O trabalho de Rios propõe um desafio à visão dominante e arbitrária em relação à homossexualidade. Por isso mesmo, produzindo em um contexto de repressão institucionalizada, a escritora foi vítima de diversas perseguições por conta de seu engajamento ao trazer à tona, pela literatura, as existências múltiplas. Segundo Cassandra, “desde o início da minha trajetória, eu tenho sido perseguida por ter aberto a cortina da hipocrisia, por ter rompido preconceitos e por ter pisado tabus a fim de despertar interesse em determinado assunto, libertando-o das amarras da falsa moral.”

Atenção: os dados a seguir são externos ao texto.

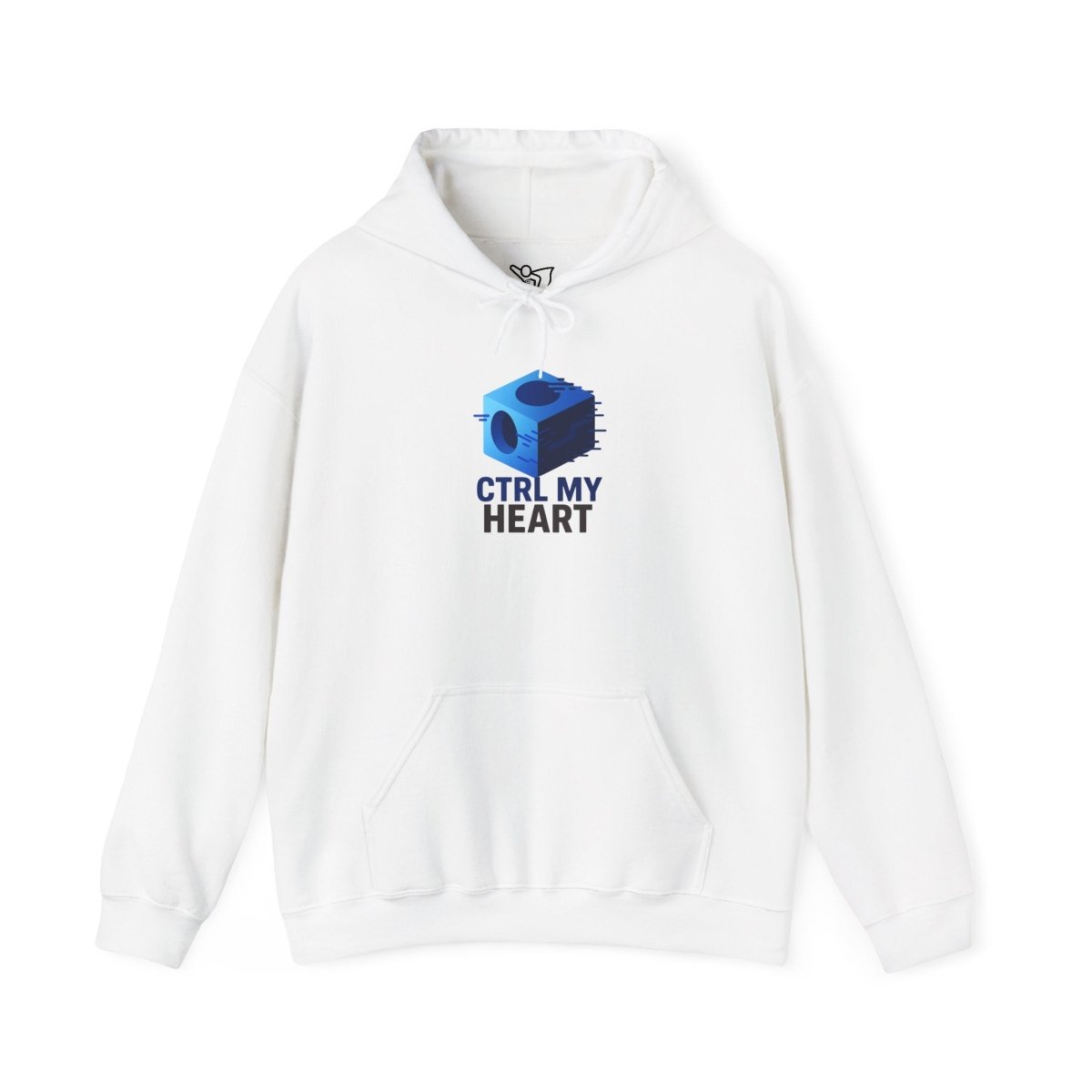 "CTRL MY HEART" CW - 1 Blue Unisex Hoodie, Tech - Inspired Sweatshirt, Gift for Gamers, Cozy Streetwear, Valentine's Day Gift - AI Tee Hero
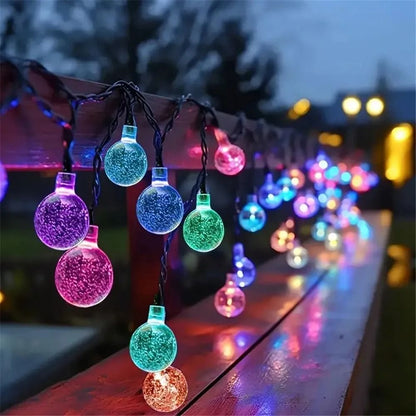 SolarPowered Bubble Ball String Lights For Outdoor Decor And Festivals 1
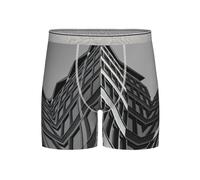 BLWSLC Images architecturales de toits | Sous-vêtements extra longs à séchage rapide et respirants | Disponible en (S-4XL), gris clair, L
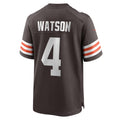 Silnrao C.Browns #4 Deshaun Watson Brown Game Stitched Jerseys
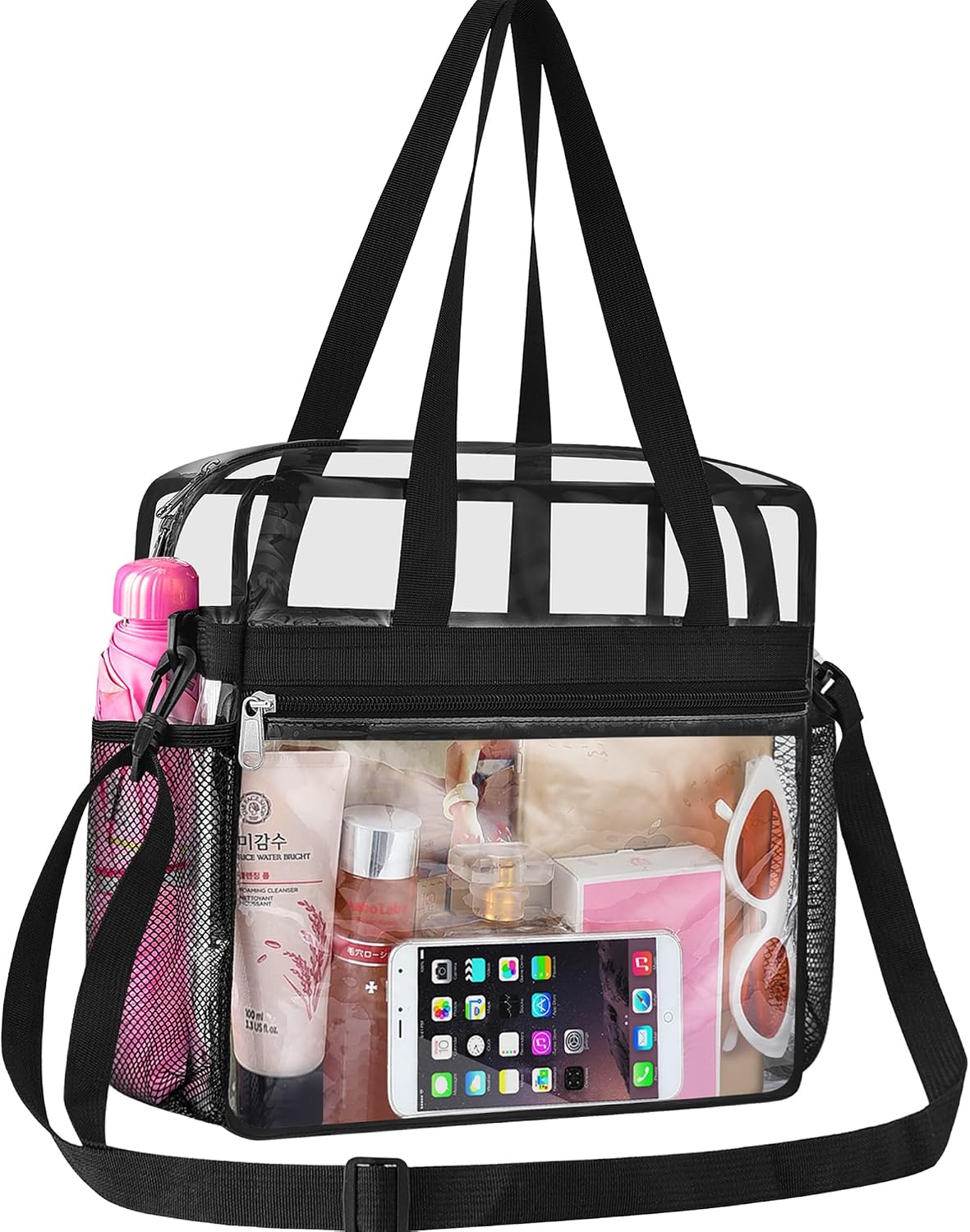 Detalle de Oraben Clear Tote Bag Stadium Approved 12x12x6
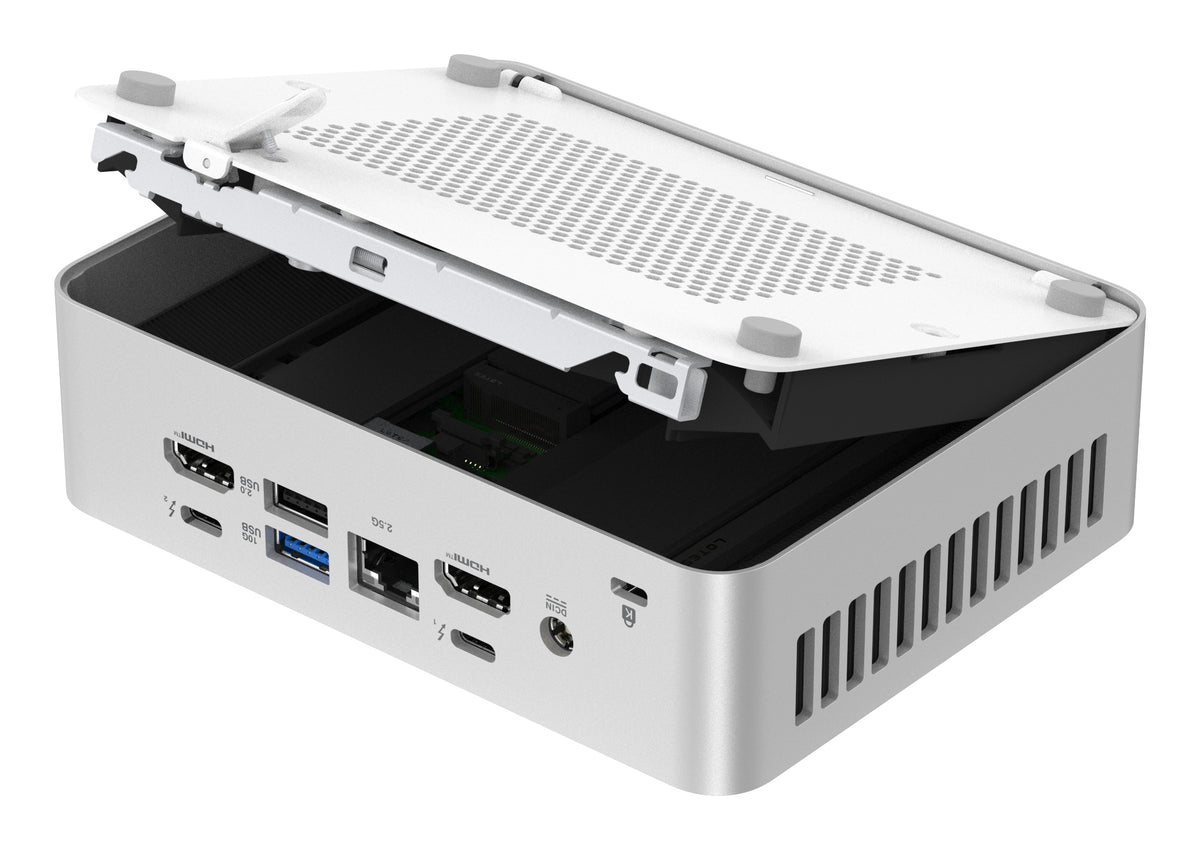 ASUS NUC 15 Pro+ RNUC15CRSU908402 Intel Core Ultra 9 285H 32 GB DDR5-SDRAM 1 TB SSD Mini PC Mini-PC Silber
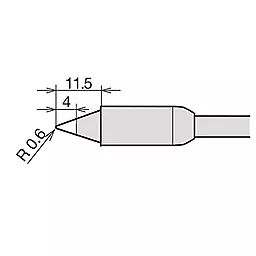 Паяльное жало коническое Goot RX-85HRT-B - фото Паяльное жало коническое Goot RX-85HRT-B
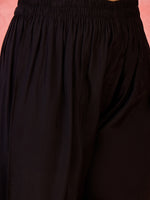 Thumbnail for Joban Fashion Black Silk Embroidery Readymade Kurta Set - Distacart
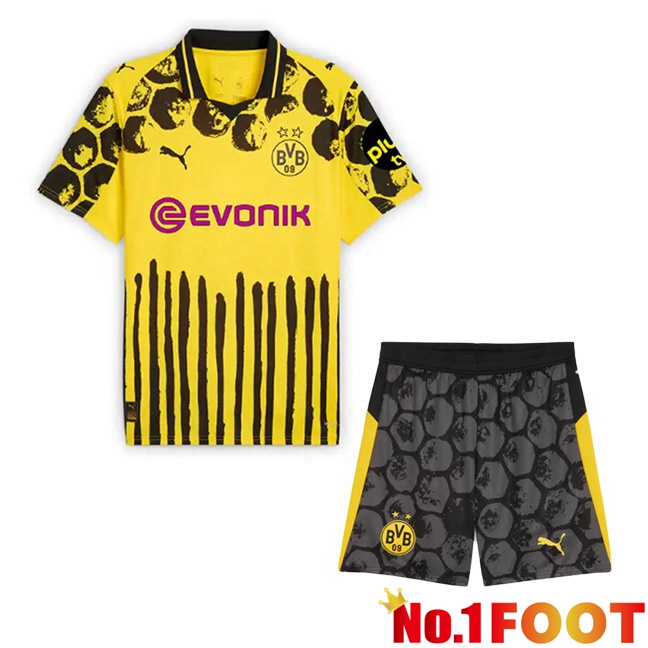 Soccer Jersey Dortmund BVB Club World Cup Kids Home Yellow Black 2025/2026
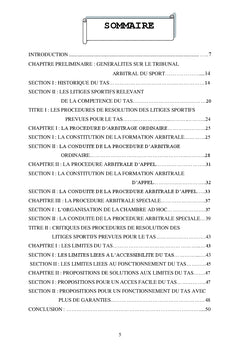 Le reglement des litiges sportifs par le TAS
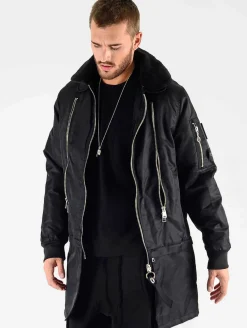 Jacken & Mäntel*vsct Huge Decor Zipper Winterjacke schwarz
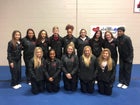 Arkansas Razorbacks Co-ed Varsity Cheer Fall 18-19 team photo.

Nesse mesmo sentido, o poeta Roberto Piva (1937-2010) não só fazia de sua literatura um gesto de transgressão da moral, mas levava esse engajamento para sua própria vida: “só acredito em poeta experimental que tenha vida experimental”. A frase do poeta, repetida tantas vezes pelo próprio artista, sintetiza sua produção: a poesia é vital, inseparável da vida. Ele escreve aquilo que vive – e enxerga além. Assim como Cassandra Rios, Piva também era um artista homossexual que, com sua trajetória literária, questionava os moralismos da corrente conservadora responsável por guiar a sociedade da época. A busca do homem gay, na visão do poeta, não era a aceitação e a integração na sociedade tradicional. Segundo ele, “o homossexual é aceito quando se veste de heterossexual e quando mostra o cartão de crédito”.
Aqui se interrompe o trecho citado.